天才の思考は限りなく、遠く広がっていく話をしようと思う。

この物語は空想ではなく、実在のポーランド人ピアニストがモデルだ。

巨匠が隠し通した唯一の弟子、彼の実家は養蜂家で蜜蜂とフランス中を移動する。故にピアノを持たず、その自由な音楽はピアノ界を破壊する時限爆弾として育てられる。

音大の学長が探し続けた天才少女は、突然の母の死に耐え切れず大きなコンサートから逃げ出し、音楽界から姿を消していた過去を持つ。幼き日よりプロだった。

日本でイジメられていたフランス系移民の心の拠り所はピアノ。自分を認めてくれた日本人少女との約束を守り、祖国に帰ってからも続けたピアノの才能は開花する。アメリカの重鎮に発掘された彼はジュリアード音楽院の王子と祭りあげられる。

大金持ちの天才中国系アメリカ人、成長著しい韓国勢、プロを諦め切れない楽器会社の社員。

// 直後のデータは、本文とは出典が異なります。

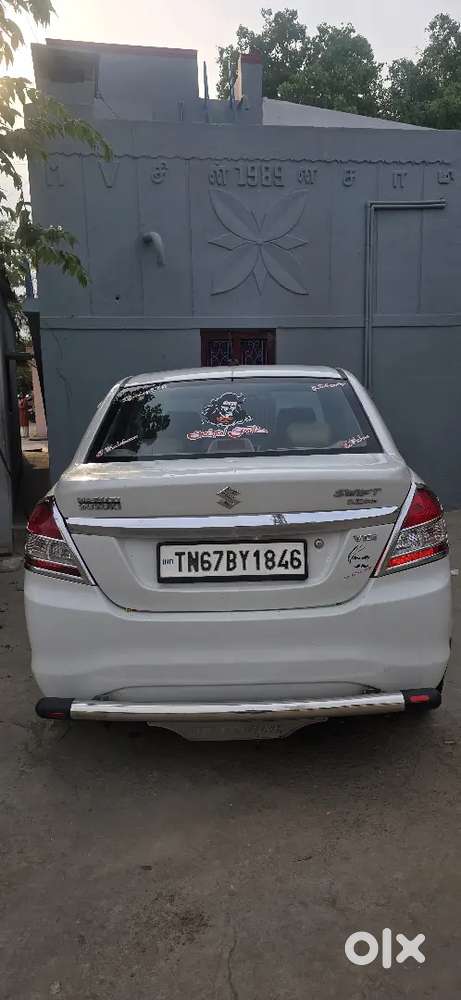 Maruti Suzuki Swift Dzire 2015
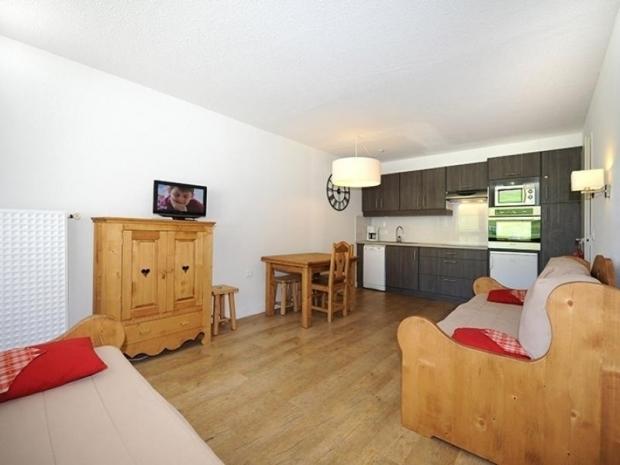 Appartement Lac du Lou - Les Menuires Croisette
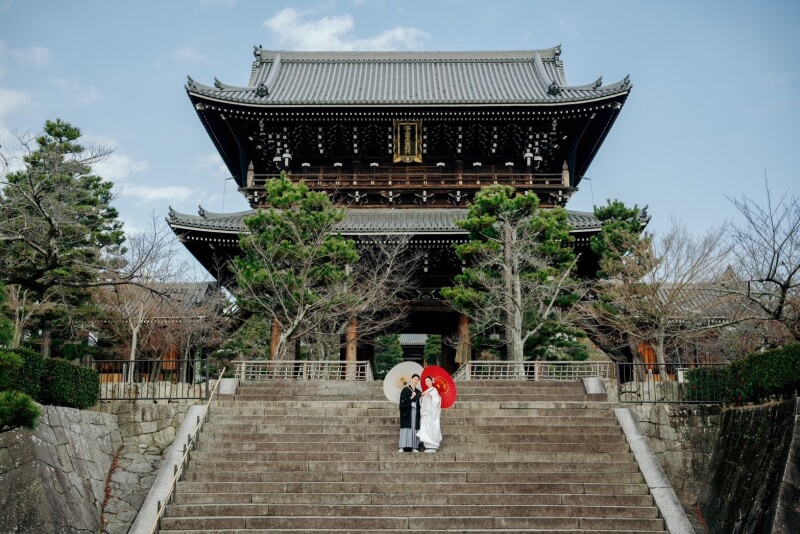山門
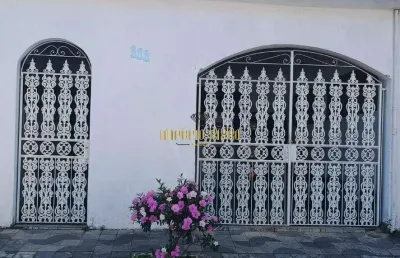 Casa à venda, 2 quartos, 1 vaga, vila amorim - suzano/sp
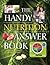 The Handy Nutrition Answer Book (The Handy Answer Book Series)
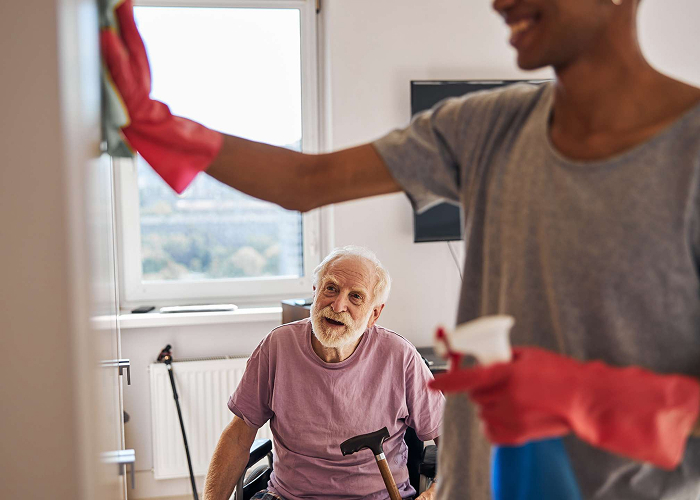 Restoring Order and Comfort to Your Living Space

彼らは日本のコンサートで競い合い、自分を見つけていく。

努力する人間はプロには慣れない。

天才たちにとってコンテストすら戦いではないのだ。

蜜蜂と遠雷は言葉にリズム感がある。
それは、読み手を空に連れて行くリズム。

音楽のように、私達の思考を空高く遠くに連れて行ってくれる。

楽天才たちが見る先は広く、争いは無いのだ。

天才たちの見るところを体感して欲しい。